● **Available data**:
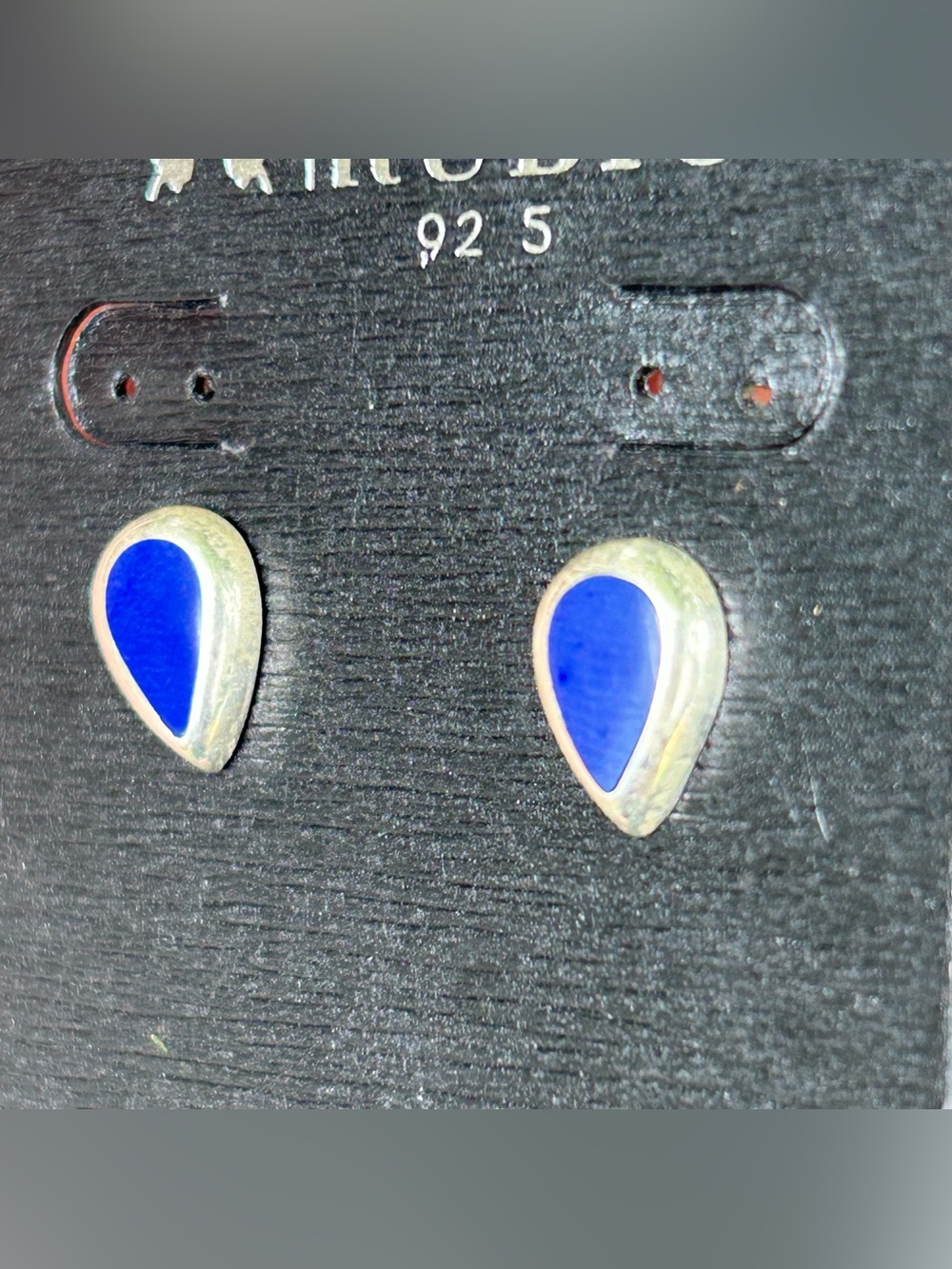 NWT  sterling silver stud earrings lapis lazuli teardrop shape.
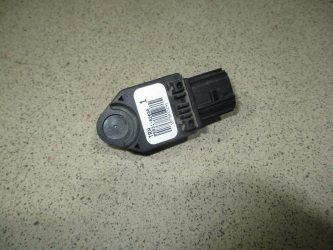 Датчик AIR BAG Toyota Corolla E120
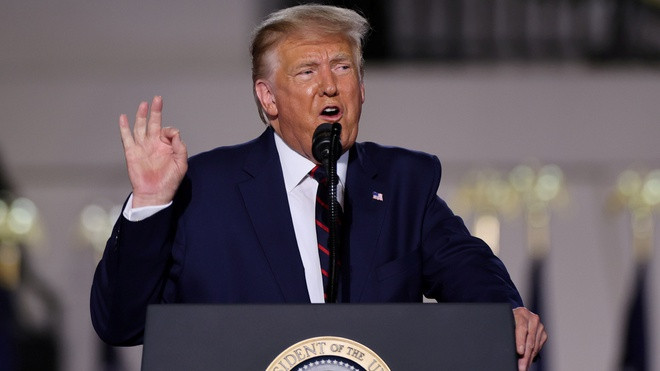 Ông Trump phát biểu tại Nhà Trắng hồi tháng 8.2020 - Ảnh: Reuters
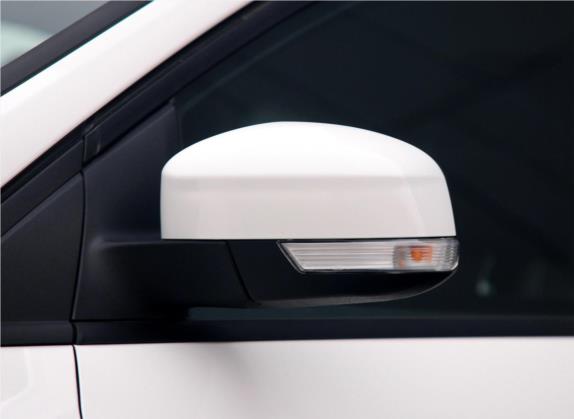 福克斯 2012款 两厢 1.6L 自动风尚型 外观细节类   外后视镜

==

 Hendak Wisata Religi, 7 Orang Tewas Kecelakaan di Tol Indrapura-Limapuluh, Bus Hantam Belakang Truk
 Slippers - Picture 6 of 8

● **Required action**: Exactly as written above, retype the lines starting at the one holding "lazuli teardrop shape." and ending at the one holding "福克斯 2012款 两厢", both included, but not the pictures.

● **The answer**:
 NWT  sterling silver stud earrings lapis lazuli teardrop shape.
 Датчик AIR BAG Toyota Corolla E120
 Ông Trump phát biểu tại Nhà Trắng hồi tháng 8.2020 - Ảnh: Reuters
 福克斯 2012款 两厢 1.6L 自动风尚型 外观细节类   外后视镜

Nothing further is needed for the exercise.